Duckweed has been studied for desalinating brackish water.
- Duckweed grows in brackish water, which often contaminates freshwater aquafers.
- It can be raised successfully in up to 4000 mg/liter of TDS. Nutrients are absorbed by the duckweed at all surfaces.
- Ideal pH for growing duckweed is in the range of 6-8, though it tolerates 5-9 ranges. It prefers unionized ammonia which is present in lower alkaline water, closer to the 6-8 range. Concentrations of free ammonia greater than 100mg NH3/liter are toxic.
- Duckweed doubles in mass every 24-36 hours. Growth rate of duckweed is controlled by temperature and sunlight moreso than by nutrient concentration. It tends to bleach and die with excessive sun exposure and can sustain rapid growth with even low levels of phosphorus and nitrogen.
- Urea is a suitable fertilizer which converts to ammonia in normal conditions. Duckweed is partial to ammonia.
Management systems for duckweed
Duckweed species can withstand extreme conditions for the most part but management should be focused on maintaining dense growth; (ii) low dissolved oxygen; and (iii) a pH of 6- 7. Dense cover keeps pH low from algal photosynthesis and and it prevents algae CO2 formation from evening respiration and from bacteria respiration of decomposing dead algae.

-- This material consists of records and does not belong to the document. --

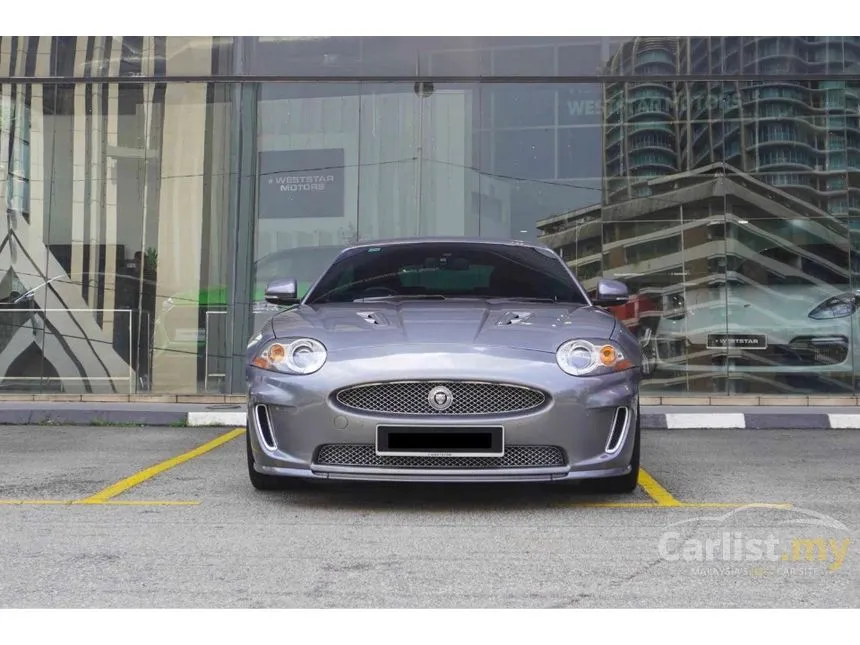 2010 Jaguar XKR Convertible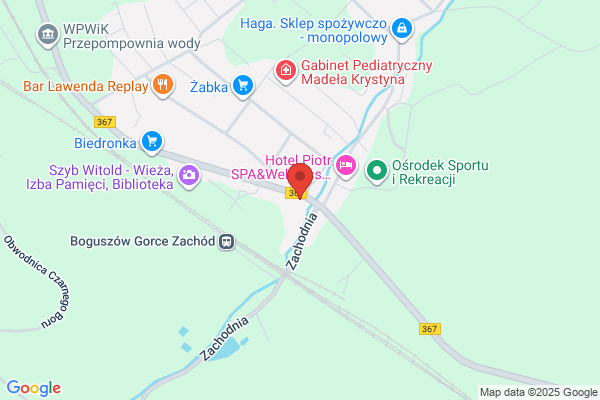 Sezam 2 SC. FHU. Glodna L., Swiatkowski J.Z.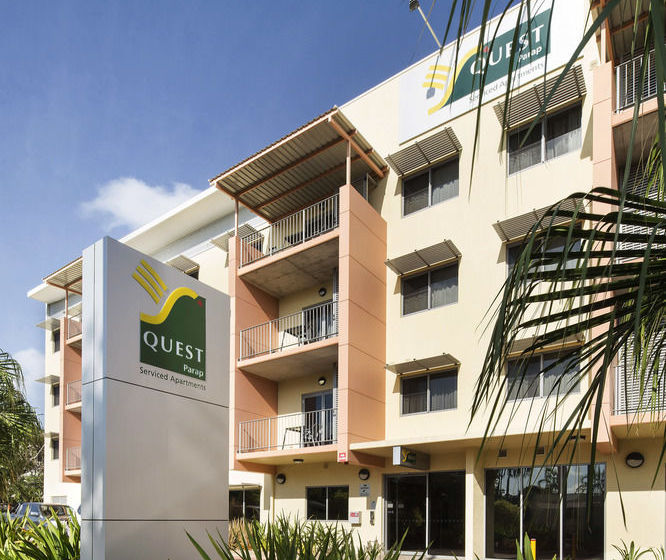 Hotel Quest Parap | Darwin | Northern Territory | Australia 16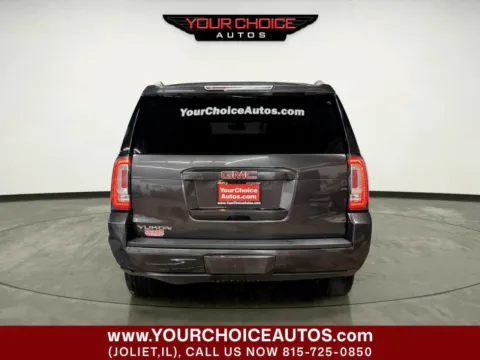 More photos of 2018 GMC Yukon SLE at Your Choice Autos - Joliet, IL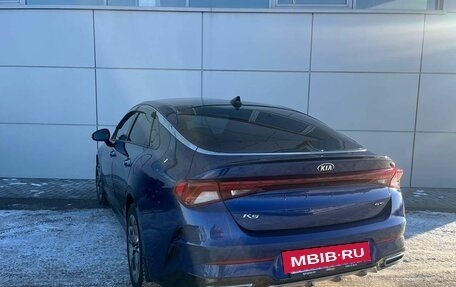 KIA K5, 2021 год, 2 730 000 рублей, 7 фотография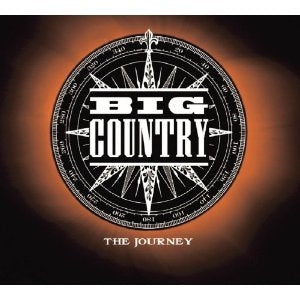 Big Country - The Journey - Import CD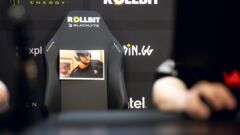 Українці грали без тренера у матчі на виліт з мейджора. Що сталось?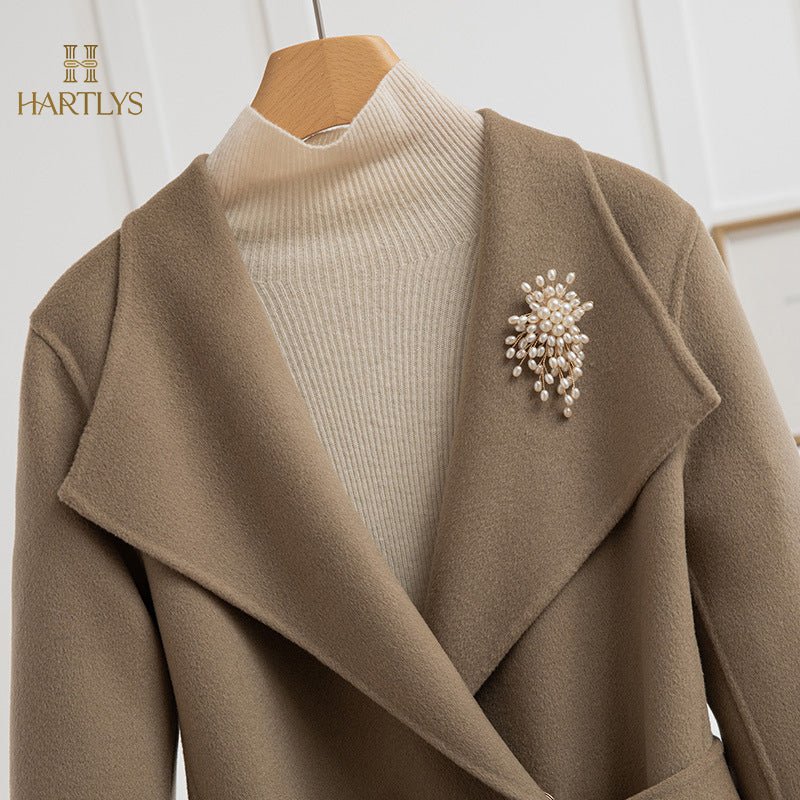 Lorivelle Wool Coat
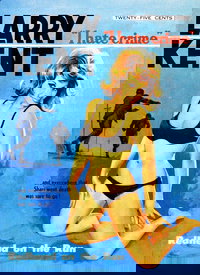 Larry Kent  #666 ([December 1967?])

Duckweed will grow on water containing any waste material. Best sources are from homes, food processing plants, livestock, pig and poultry farms. If using manure and night soil in villages these wastes must be pretreated by storage in anaerobic ponds for several days before cultivating duckweed.
Duckweed as a water treatment “plant”. When using as a treatment system for farms duckweed growing on wastewater should be treated prior to feeding. It will concentrate and store many nutrients, particularly nitrogen, phosphorus, calcium, sodium, potassium, magnesium, carbon and chloride from the wastewater. If heavy metals are also in the water the duckweed may have to be decontaminated prior to feeding to animals. It grows on water with a nitrogen concentration of 10-30mg NH3/m2.
To grow the plant efficiently in lagoons, it is important to grow the plant evenly across the surface. The density needed to support growth is approximately 1.2kg wet weight/m2 of growing area to as little as .6kg wet weight/m2, for prevention of algae blooms.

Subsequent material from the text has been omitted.